**PROBLEM:**
The response should be a faithful copy of every record, with nothing left out.

**Collection entries:**
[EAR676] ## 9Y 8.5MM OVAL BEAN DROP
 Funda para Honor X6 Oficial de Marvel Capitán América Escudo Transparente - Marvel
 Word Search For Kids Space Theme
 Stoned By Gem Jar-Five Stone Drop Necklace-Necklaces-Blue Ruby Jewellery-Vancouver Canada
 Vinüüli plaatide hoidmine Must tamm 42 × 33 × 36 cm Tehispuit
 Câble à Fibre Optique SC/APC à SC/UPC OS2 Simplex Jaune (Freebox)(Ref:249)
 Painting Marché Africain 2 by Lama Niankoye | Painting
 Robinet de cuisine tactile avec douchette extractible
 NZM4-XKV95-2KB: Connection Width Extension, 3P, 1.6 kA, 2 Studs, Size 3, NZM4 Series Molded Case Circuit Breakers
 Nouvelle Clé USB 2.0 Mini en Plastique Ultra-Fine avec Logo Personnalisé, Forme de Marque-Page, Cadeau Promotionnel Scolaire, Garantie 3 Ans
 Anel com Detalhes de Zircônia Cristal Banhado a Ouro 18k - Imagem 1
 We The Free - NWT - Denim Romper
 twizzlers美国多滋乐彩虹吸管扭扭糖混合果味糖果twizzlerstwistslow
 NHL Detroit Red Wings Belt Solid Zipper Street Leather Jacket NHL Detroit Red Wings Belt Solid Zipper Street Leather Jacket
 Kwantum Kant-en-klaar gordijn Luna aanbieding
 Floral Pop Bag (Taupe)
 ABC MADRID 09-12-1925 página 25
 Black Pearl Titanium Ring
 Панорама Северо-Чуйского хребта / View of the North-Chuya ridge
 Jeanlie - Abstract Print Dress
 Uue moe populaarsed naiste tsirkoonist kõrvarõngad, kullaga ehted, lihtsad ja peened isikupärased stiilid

**ANSWER FOR THIS EXERCISE:**
[EAR676] ## 9Y 8.5MM OVAL BEAN DROP
 Funda para Honor X6 Oficial de Marvel Capitán América Escudo Transparente - Marvel
 Word Search For Kids Space Theme
 Stoned By Gem Jar-Five Stone Drop Necklace-Necklaces-Blue Ruby Jewellery-Vancouver Canada
 Vinüüli plaatide hoidmine Must tamm 42 × 33 × 36 cm Tehispuit
 Câble à Fibre Optique SC/APC à SC/UPC OS2 Simplex Jaune (Freebox)(Ref:249)
 Painting Marché Africain 2 by Lama Niankoye | Painting
 Robinet de cuisine tactile avec douchette extractible
 NZM4-XKV95-2KB: Connection Width Extension, 3P, 1.6 kA, 2 Studs, Size 3, NZM4 Series Molded Case Circuit Breakers
 Nouvelle Clé USB 2.0 Mini en Plastique Ultra-Fine avec Logo Personnalisé, Forme de Marque-Page, Cadeau Promotionnel Scolaire, Garantie 3 Ans
 Anel com Detalhes de Zircônia Cristal Banhado a Ouro 18k - Imagem 1
 We The Free - NWT - Denim Romper
 twizzlers美国多滋乐彩虹吸管扭扭糖混合果味糖果twizzlerstwistslow
 NHL Detroit Red Wings Belt Solid Zipper Street Leather Jacket NHL Detroit Red Wings Belt Solid Zipper Street Leather Jacket
 Kwantum Kant-en-klaar gordijn Luna aanbieding
 Floral Pop Bag (Taupe)
 ABC MADRID 09-12-1925 página 25
 Black Pearl Titanium Ring
 Панорама Северо-Чуйского хребта / View of the North-Chuya ridge
 Jeanlie - Abstract Print Dress
 Uue moe populaarsed naiste tsirkoonist kõrvarõngad, kullaga ehted, lihtsad ja peened isikupärased stiilid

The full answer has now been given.